Menurut Tini Kartini, dkk., dalam Biografi
dan Karya Pujangga Haji Hasan Mustapa yang mengutip dari M.
Wangsaatmadja, kepulangan Hasan Mustapa ke tanah air pada 1882 karena dipanggil
oleh Muhamad Musa, Hoofd Penghulu Garut pada masa itu. Hasan Mustapa diberi
tugas untuk meredakan ketegangan di antara para ulama di Garut yang tengah
bertentangan paham di antara mereka.
Menjadi Hoofd Penghulu Aceh
Pergaulan Hasan Mustapa sangat luas, ia kenal
dengan para orientalis Belanda seperti KF. Holle, Rinkes, Brandes, dan
dedengkotnya yang paling masyhur: Snouck Hurgronje. Pada 1889, Hasan
Mustapa diminta oleh Snouck Hurgronje untuk mendampinginya keliling Jawa dan
Madura melakukan penelitian tentang folklore dan kehidupan agama Islam di
Jawa. Snouck Hurgronje sebetulnya telah mengenal Hasan Mustapa sejak ia masih
bermukim di Mekah sebagai konsul Belanda. Bahkan ia pernah ditolong oleh Hasan
Mustapa ketika hendak dibunuh oleh orang-orang Arab.

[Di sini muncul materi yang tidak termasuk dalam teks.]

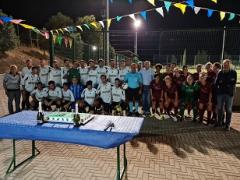 Nuova illuminazione al campo sportivo di Fabbrica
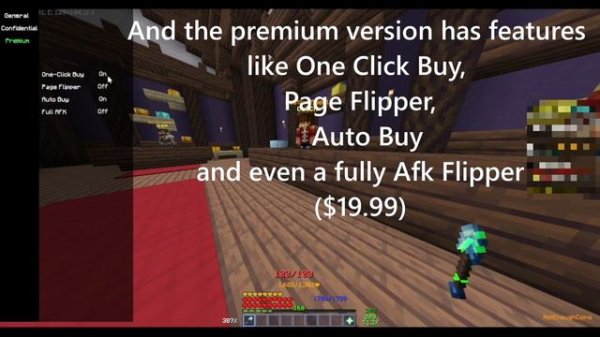 Auto Auction Flipping Mod ｜ Hypixel Skyblock
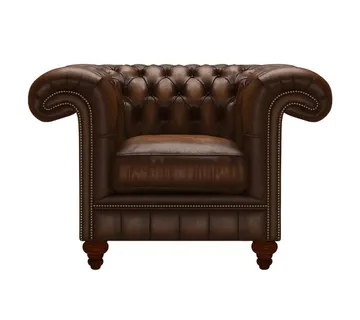 Chesterfield Royal Allingham Fotelja | 1-sjedište | Antique Autumn Tan - cover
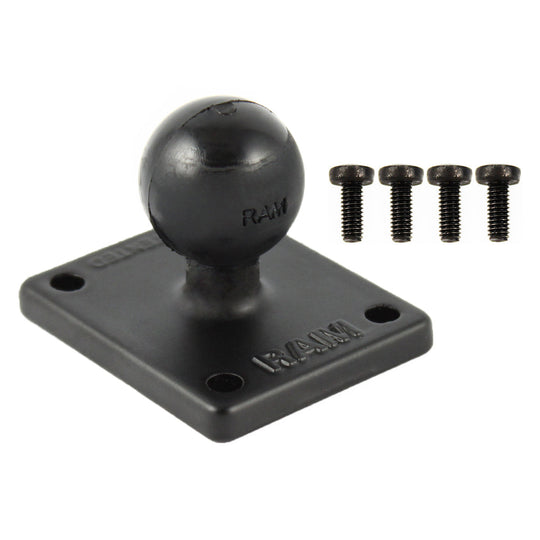 RAM Mounts Square Base Adapter with Hardware for Magellan Maestro More (RAM-B-202-MA4U)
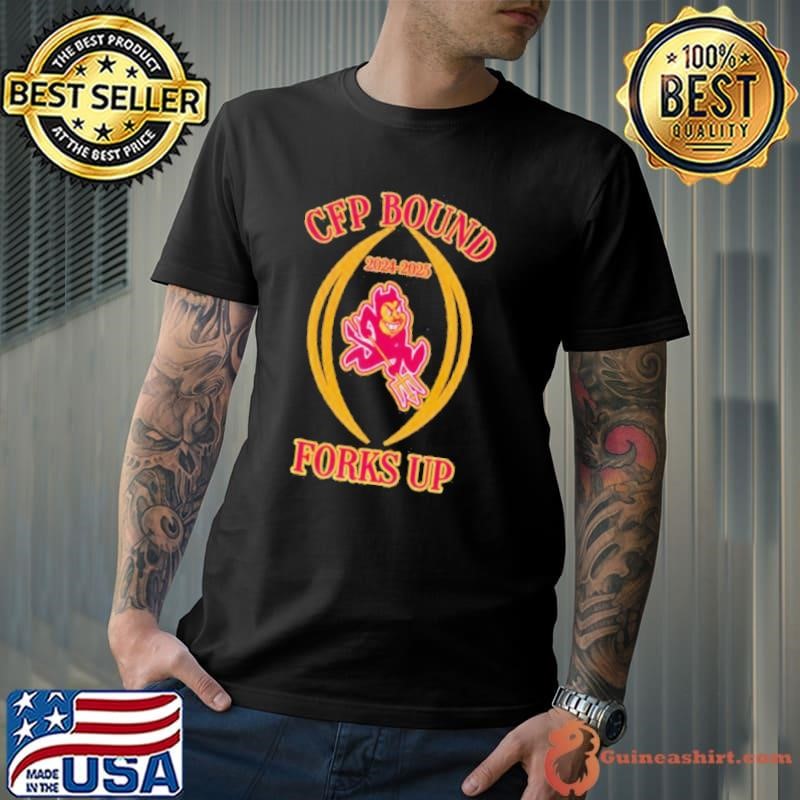 CFP Bound 2024 2025 Forks Up Unisex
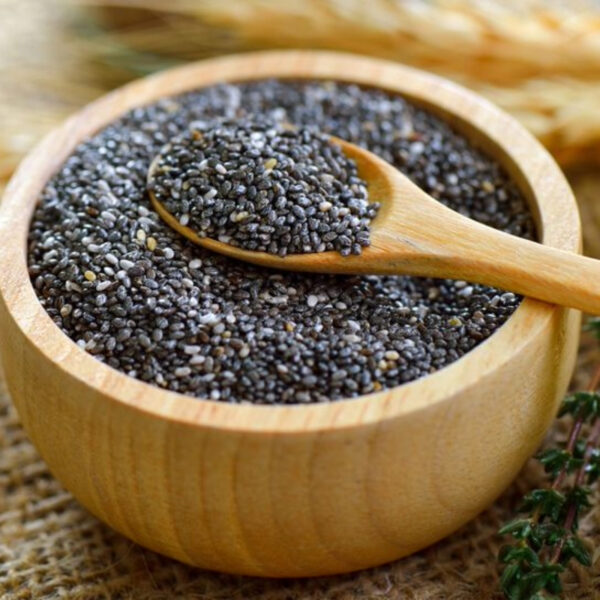 Organic Chia Seeds – Rich in Omega-3, Fiber & Antioxidants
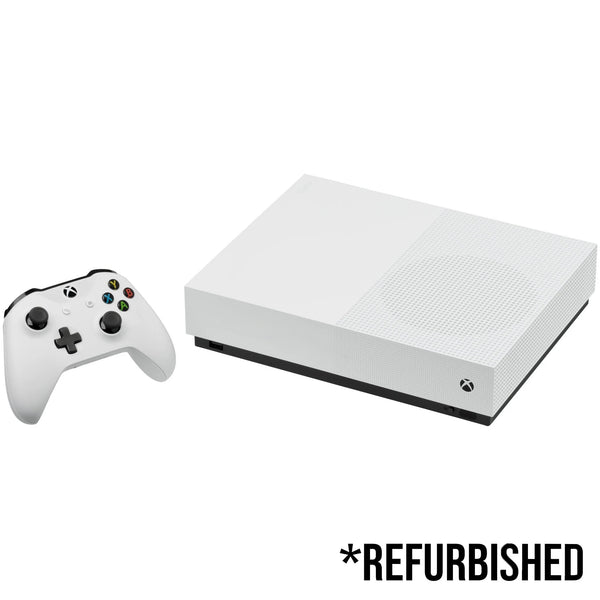 Console - Xbox One S Digital - 1TB - Super Retro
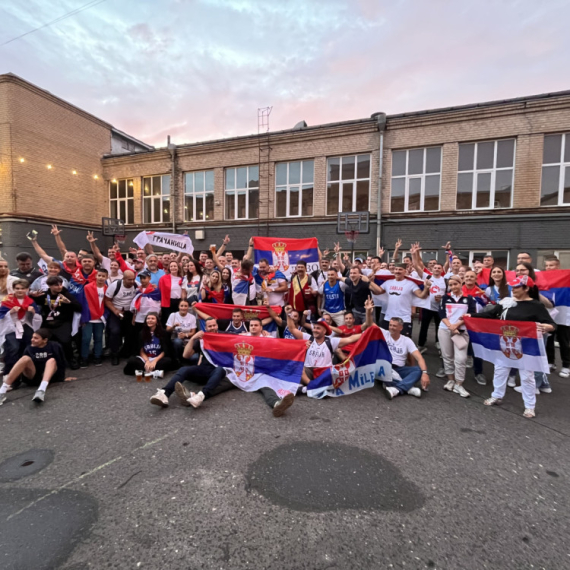 Srpski "šou" u Rigi: "Jutro je" – i pre Turske VIDEO/FOTO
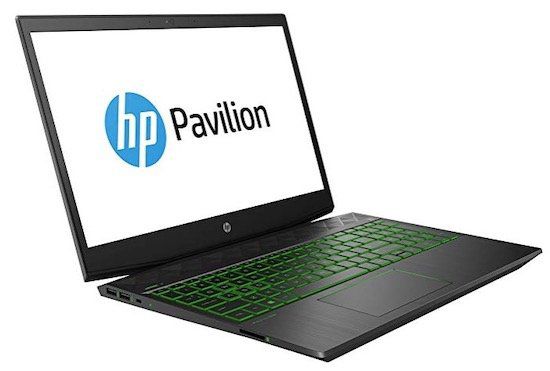 HP 15 cx0204ng Notebook mit beleucht. Tastatur, 128GB + 1TB, GTX 1050 Ti für 699€ (statt 906€) + gratis Fortnite Bundle
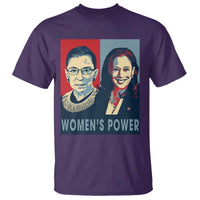 Women's Power T Shirt Ruth Harris Supporter Feminist Women's rights - Wonder Print Shop
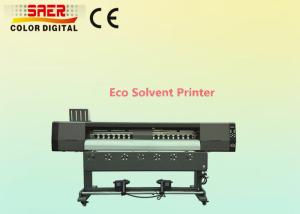 Wholesale High Speed PVC Vinyl Eco Solvent Printer / Inkjet Plotter For Banner Vinyl from china suppliers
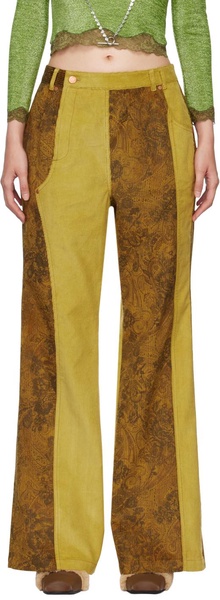 Yellow Nessy Jeans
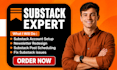 set up substack account substack beehiiv newsletter substack post management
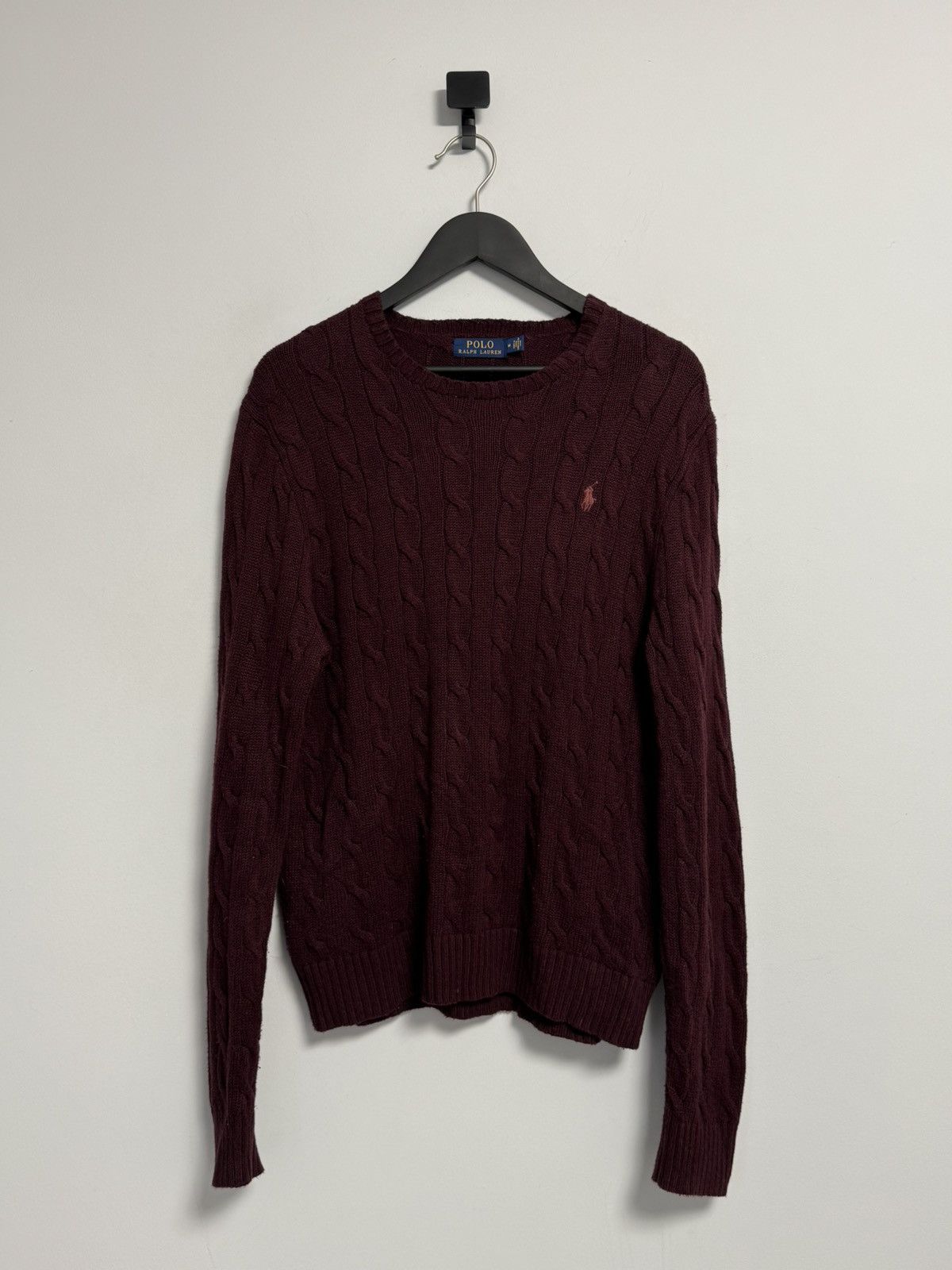 Polo Ralph Lauren Polo Ralph Lauren Sweatshirt Knitted Sweater Y2K Style Size US M / EU 48-50 / 2 - 1 Thumbnail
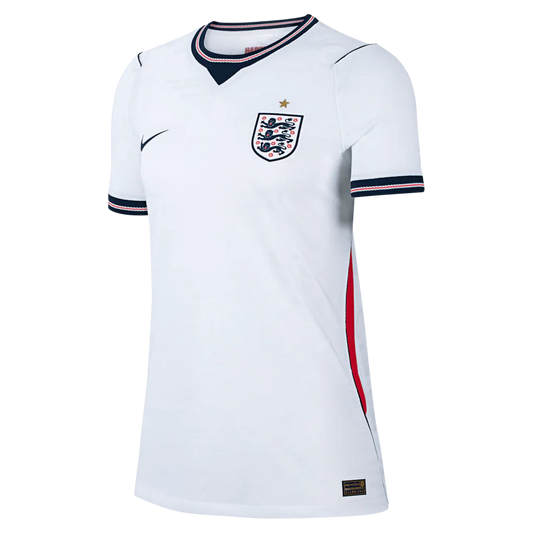 England National Team Nike Women's 2026 Home Match Authentic Jersey - White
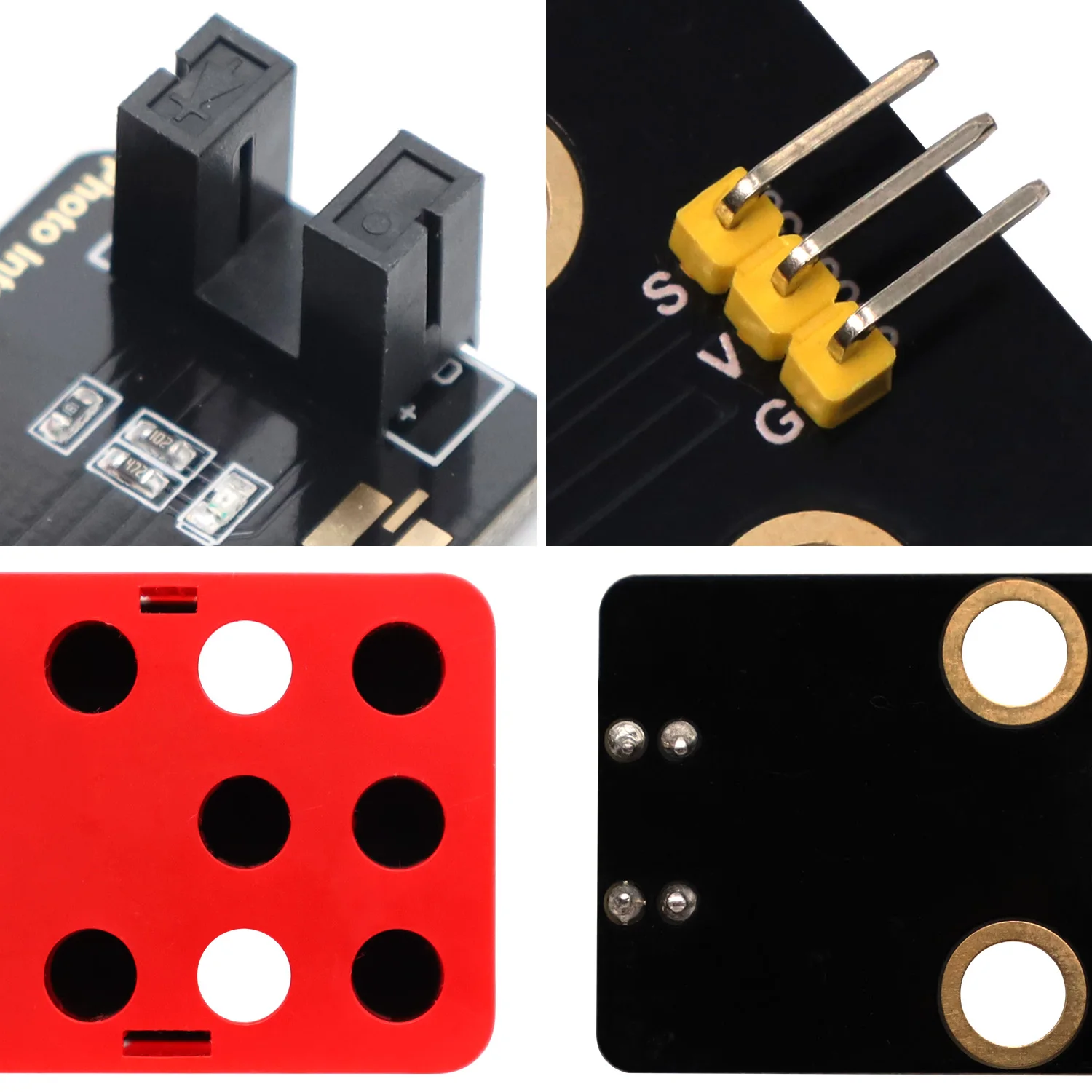 Picture 5: Photo Interrupter Sensor DIY Electronic Building Block For Arduino DIY Projects Compatible With Lego Blocks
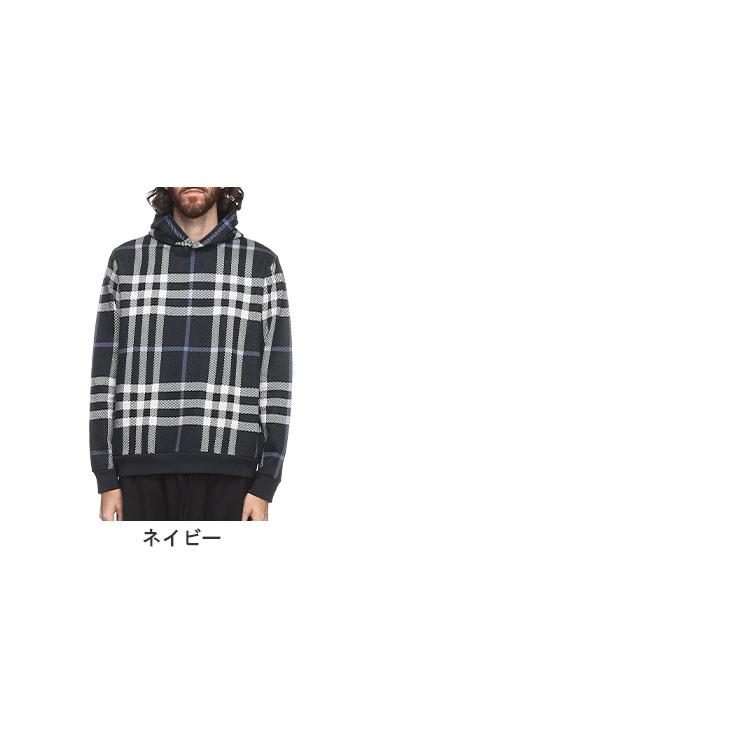 BURBERRY バーバリー パーカー メンズ フーディー チェック ジャ BURBERRY バーバリー パーカー メンズ フーディー チェック ジャ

Tahun 1893, atas usul dari Snouck Hurgronje,
pemerintah kolonial Belanda mengangkat Hasan Mustapa untuk menjadi Hoofd
Penghulu di Aceh. Berdasarkan informasi dari orang-orang Galih Pakoean yang
dikutip oleh Tini Kartini, dkk., pada waktu itu tidak mudah menjadi Hoofd
Penghulu di Aceh. Sebab si pejabat sering dalam posisi terancam karena
karena dianggap tidak adil dalam menyelesaikan suatu masalah atau persengketaan
di masyarakat.
Tugas seorang Hoofd Penghulu pada masa itu
selain menjadi pemuka agama, juga ikut memberikan keputusan dalam masalah
hukum. Kadang kala mereka biasa disebut Kadi. Di Aceh pada waktu itu,
apabila seseorang kalah dalam suatu perkara, maka orang tersebut akan
memberondong Kadi dengan berbagai pertanyaan, seperti: Ia kalah berdasarkan
hukum apa? Ayat berapa? Mengapa ia dianggap salah?
Jika Kadi tidak dapat memberikan jawaban yang
memuaskan, maka ia akan dianggap berat sebelah, dan tak jarang Sang Kadi bisa
terancam. Sikap keras orang Aceh, termasuk dalam berbicara dan berargumen,
menjadi tantangan tersendiri bagi para Kadi.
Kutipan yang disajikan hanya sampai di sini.